— What you need to do —
Whenever an image turns up, omit it and return the remaining data exactly.

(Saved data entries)
--------
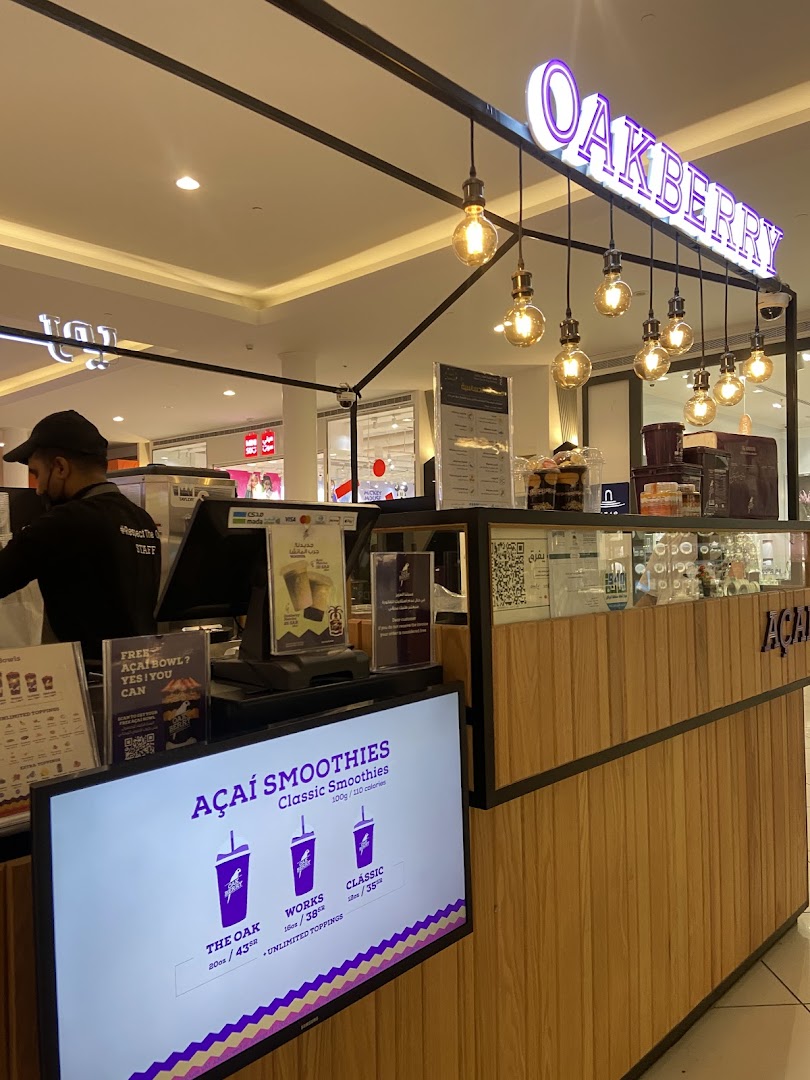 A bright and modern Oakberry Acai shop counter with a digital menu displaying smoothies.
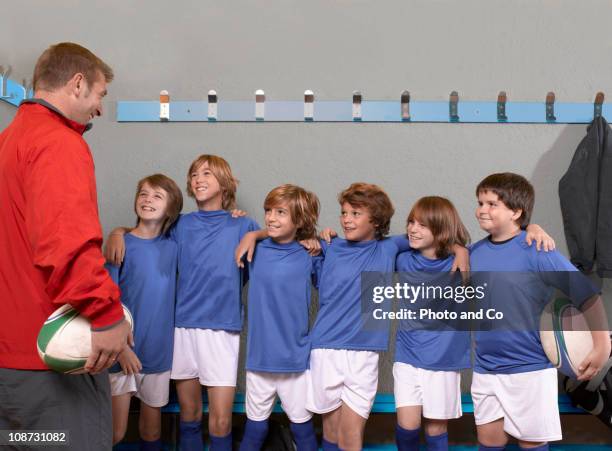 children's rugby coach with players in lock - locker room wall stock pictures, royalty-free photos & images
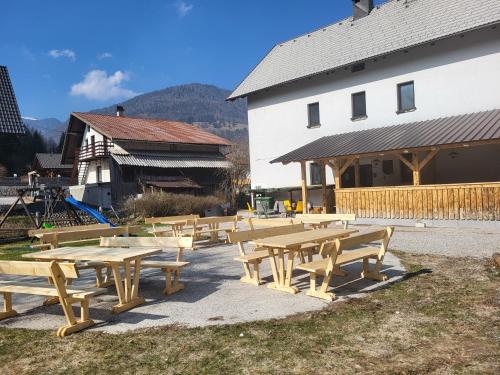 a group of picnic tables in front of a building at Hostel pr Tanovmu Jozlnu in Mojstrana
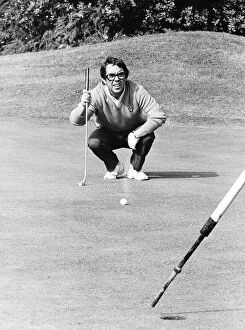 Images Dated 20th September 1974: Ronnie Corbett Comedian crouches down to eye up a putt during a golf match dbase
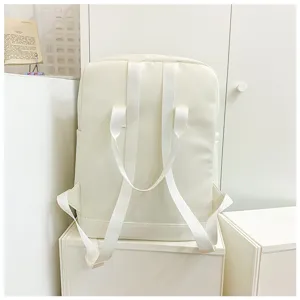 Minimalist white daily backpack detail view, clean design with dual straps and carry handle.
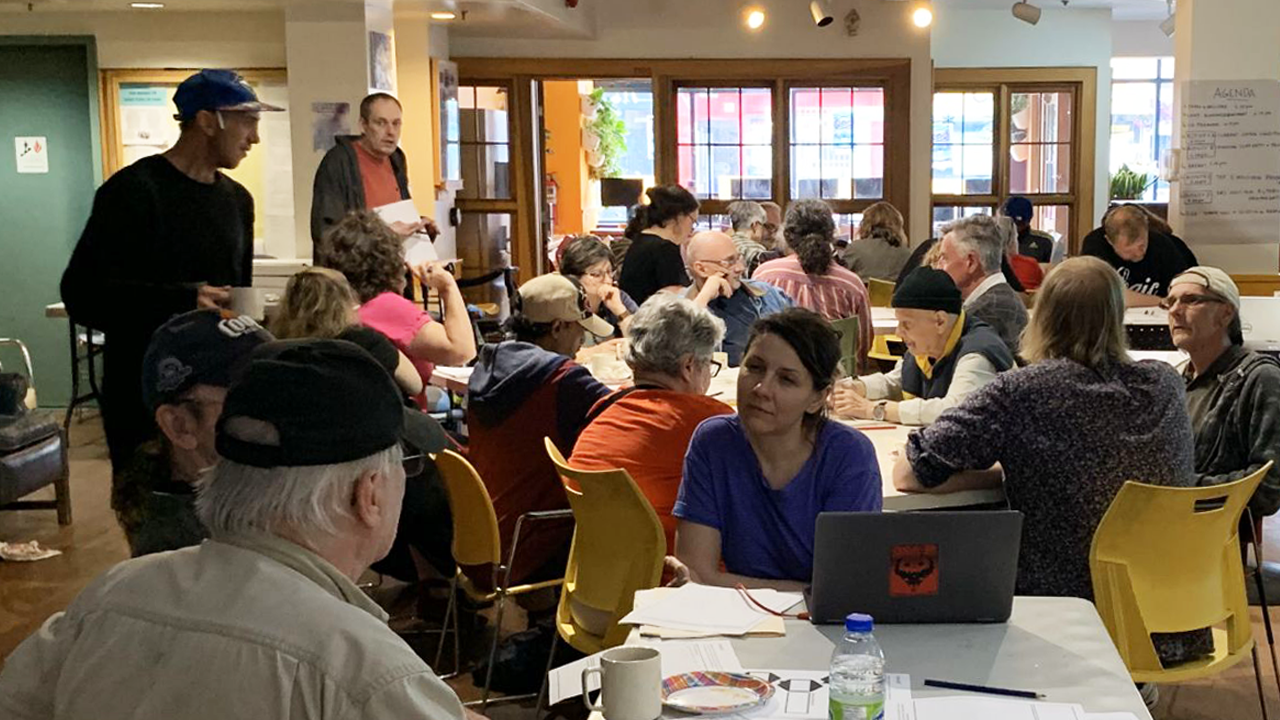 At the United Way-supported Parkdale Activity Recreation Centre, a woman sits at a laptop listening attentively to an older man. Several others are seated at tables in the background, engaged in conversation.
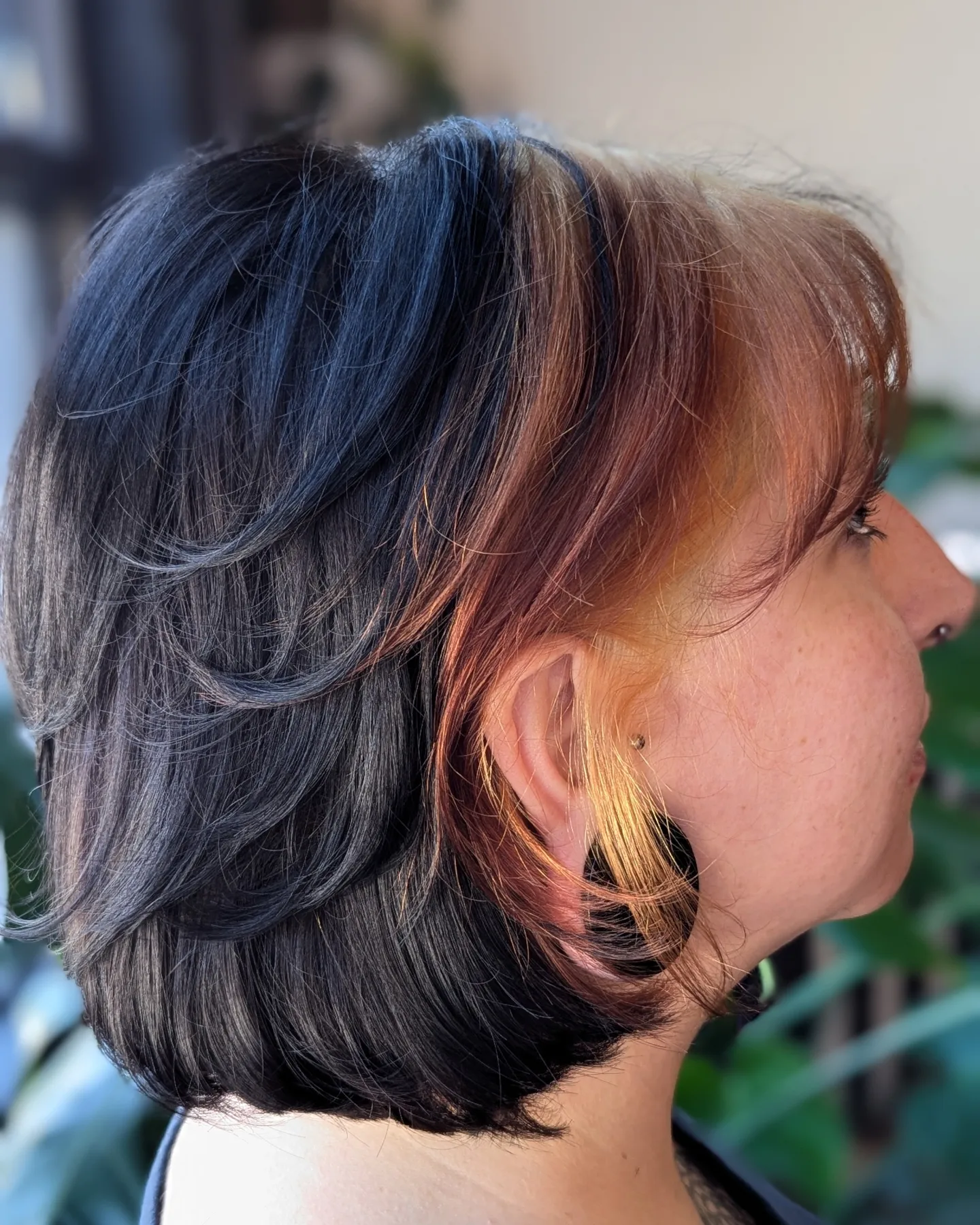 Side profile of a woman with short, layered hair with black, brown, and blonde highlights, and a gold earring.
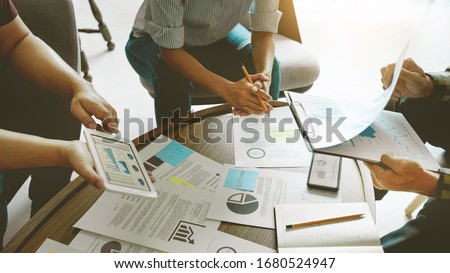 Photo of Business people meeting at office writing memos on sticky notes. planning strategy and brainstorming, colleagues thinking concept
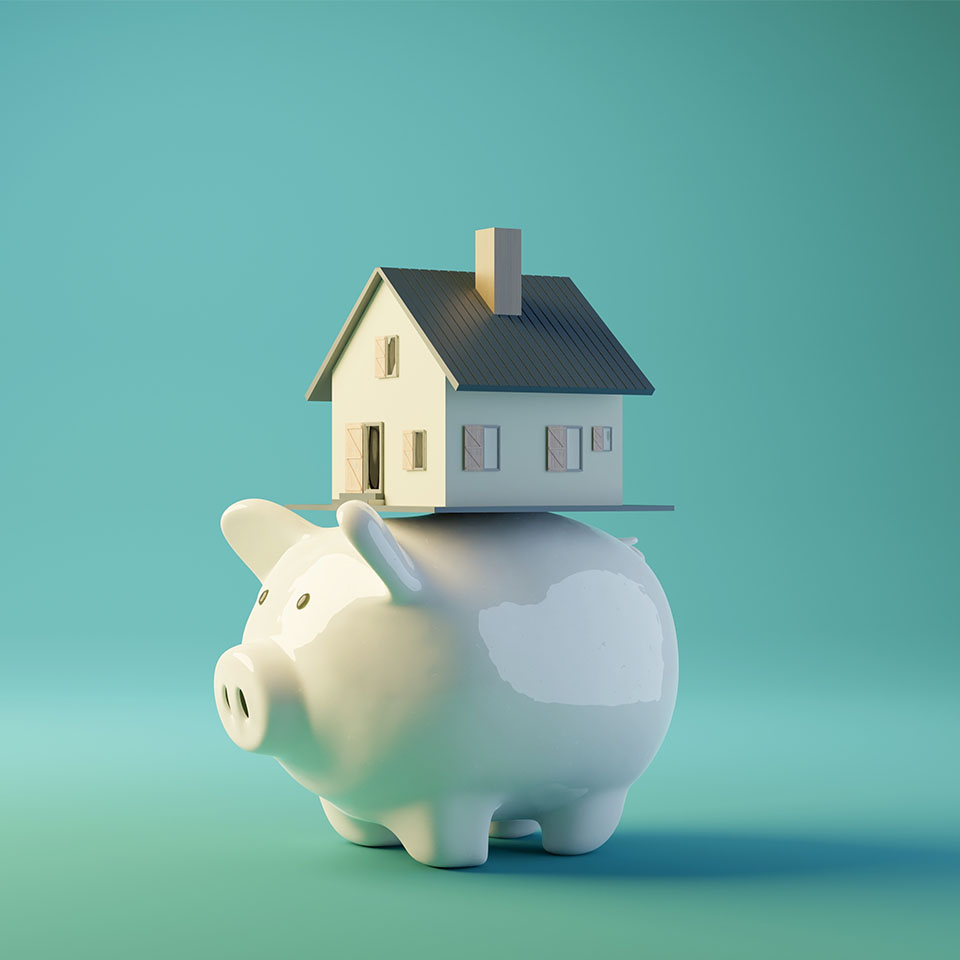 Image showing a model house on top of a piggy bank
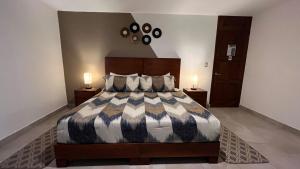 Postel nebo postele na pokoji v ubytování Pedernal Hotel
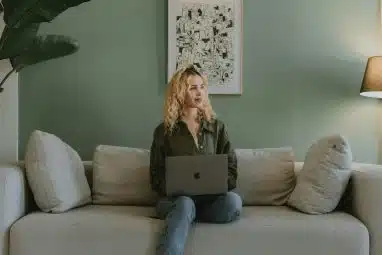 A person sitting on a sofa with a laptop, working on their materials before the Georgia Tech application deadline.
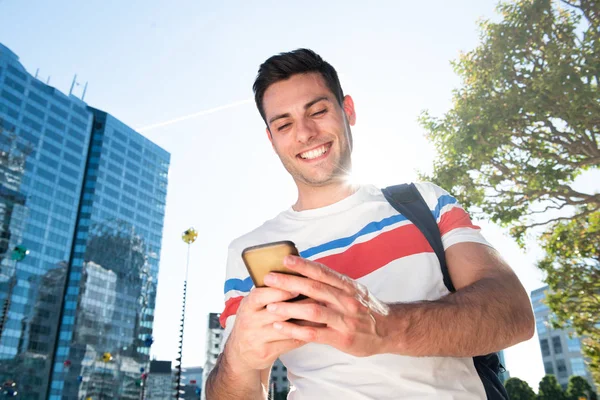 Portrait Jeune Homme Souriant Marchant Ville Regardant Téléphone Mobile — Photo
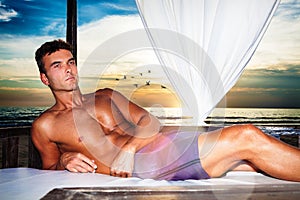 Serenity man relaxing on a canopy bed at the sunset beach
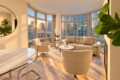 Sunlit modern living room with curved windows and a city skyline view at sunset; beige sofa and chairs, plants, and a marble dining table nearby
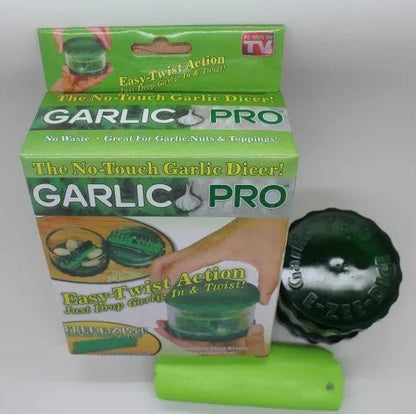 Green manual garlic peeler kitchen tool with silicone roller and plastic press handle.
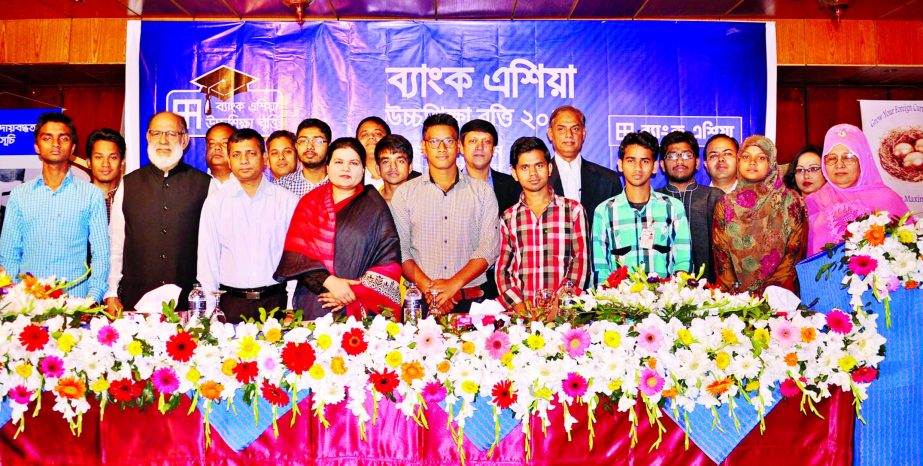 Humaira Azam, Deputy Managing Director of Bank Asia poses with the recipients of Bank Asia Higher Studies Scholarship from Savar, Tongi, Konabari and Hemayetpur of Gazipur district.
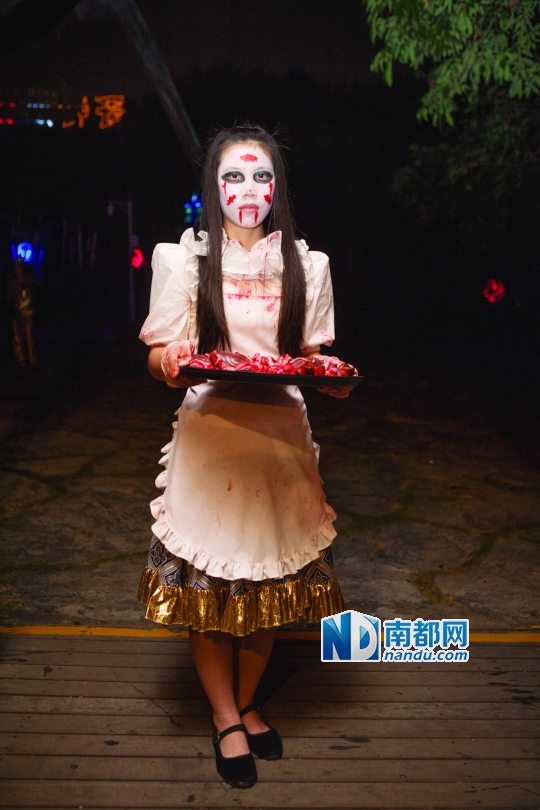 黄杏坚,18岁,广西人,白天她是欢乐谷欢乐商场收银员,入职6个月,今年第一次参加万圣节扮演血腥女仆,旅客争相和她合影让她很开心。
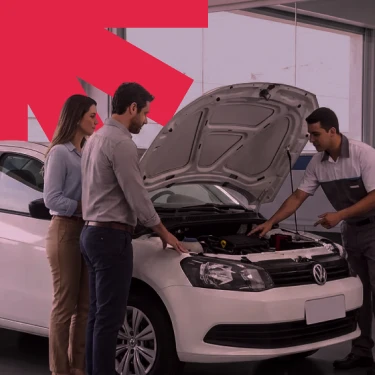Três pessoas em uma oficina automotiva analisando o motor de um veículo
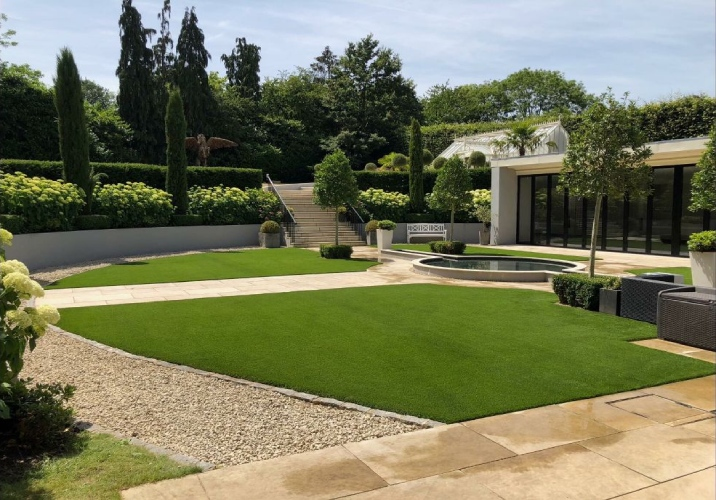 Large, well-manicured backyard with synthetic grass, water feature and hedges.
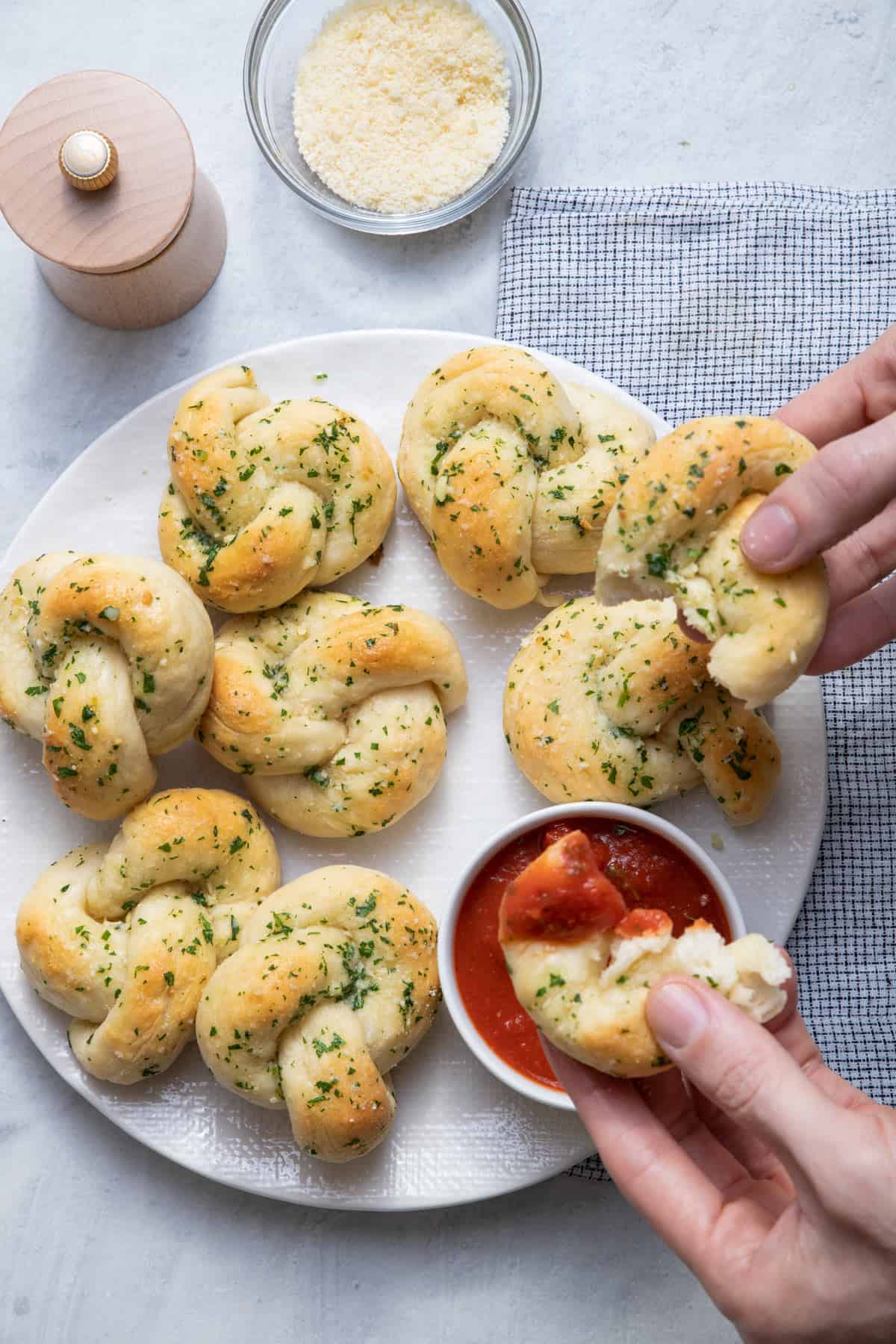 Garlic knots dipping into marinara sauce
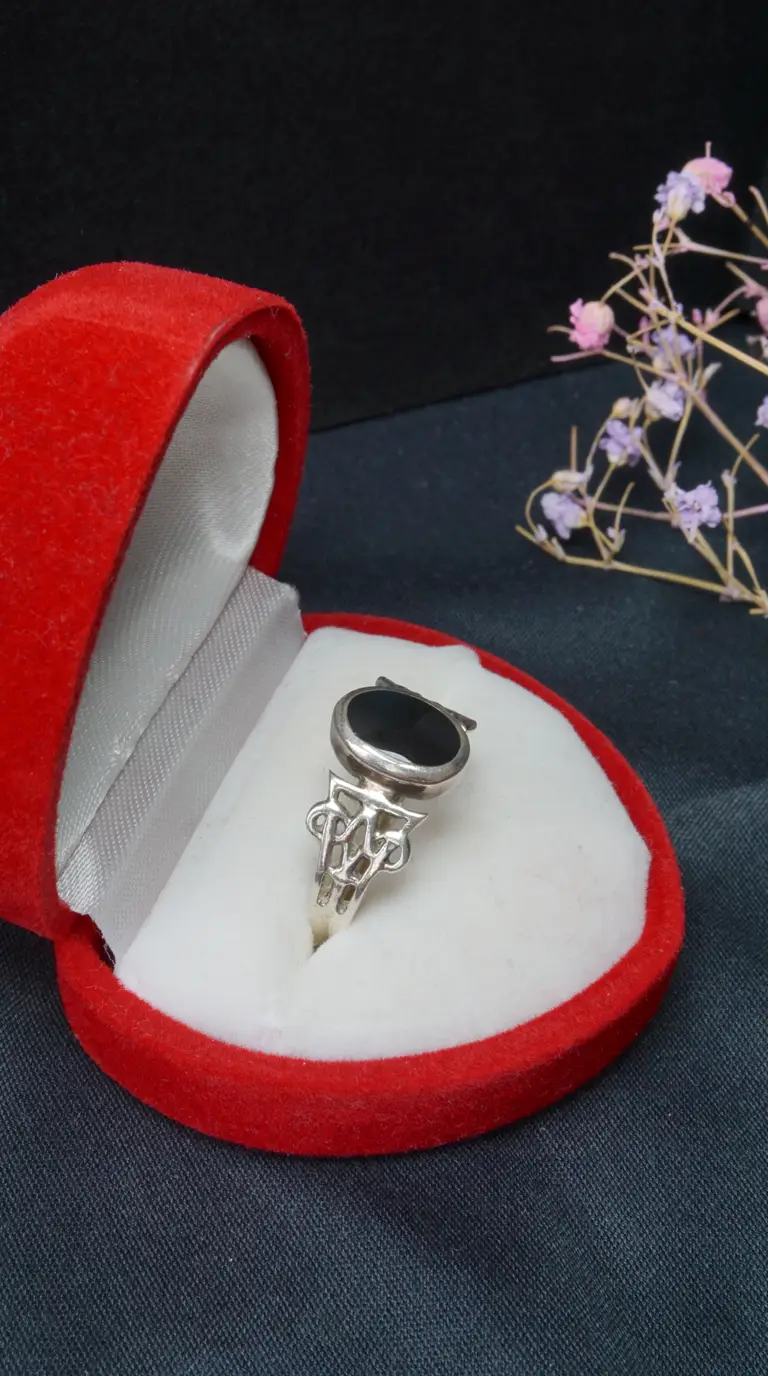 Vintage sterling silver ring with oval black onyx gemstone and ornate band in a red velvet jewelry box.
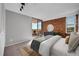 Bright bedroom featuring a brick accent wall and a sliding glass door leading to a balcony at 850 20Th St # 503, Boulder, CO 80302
--------
— Result of this exercise —
 A bright and modern Oakberry Acai shop counter with a digital menu displaying smoothies.
 children's rugby coach with players in lock - locker room wall stock pictures, royalty-free photos & images
 a group of picnic tables in front of a building at Hostel pr Tanovmu Jozlnu in Mojstrana
 Images Dated 20th September 1974: Ronnie Corbett Comedian crouches down to eye up a putt during a golf match dbase
 Minimalist white daily backpack detail view, clean design with dual straps and carry handle.
 At the United Way-supported Parkdale Activity Recreation Centre, a woman sits at a laptop listening attentively to an older man. Several others are seated at tables in the background, engaged in conversation.
 Side profile of a woman with short, layered hair with black, brown, and blonde highlights, and a gold earring.
 Photo of Business people meeting at office writing memos on sticky notes. planning strategy and brainstorming, colleagues thinking concept
 Image showing a model house on top of a piggy bank
 Postel nebo postele na pokoji v ubytování Pedernal Hotel
 A person sitting on a sofa with a laptop, working on their materials before the Georgia Tech application deadline.
 Portrait Jeune Homme Souriant Marchant Ville Regardant Téléphone Mobile — Photo
 Serenity man relaxing on a canopy bed at the sunset beach
 Sunlit modern living room with curved windows and a city skyline view at sunset; beige sofa and chairs, plants, and a marble dining table nearby
 Green manual garlic peeler kitchen tool with silicone roller and plastic press handle.
 Humaira Azam, Deputy Managing Director of Bank Asia poses with the recipients of Bank Asia Higher Studies Scholarship from Savar, Tongi, Konabari and Hemayetpur of Gazipur district.
 黄杏坚,18岁,广西人,白天她是欢乐谷欢乐商场收银员,入职6个月,今年第一次参加万圣节扮演血腥女仆,旅客争相和她合影让她很开心。
Três pessoas em uma oficina automotiva analisando o motor de um veículo
 Large, well-manicured backyard with synthetic grass, water feature and hedges.
 Garlic knots dipping into marinara sauce
 Vintage sterling silver ring with oval black onyx gemstone and ornate band in a red velvet jewelry box.
 Bright bedroom featuring a brick accent wall and a sliding glass door leading to a balcony at 850 20Th St # 503, Boulder, CO 80302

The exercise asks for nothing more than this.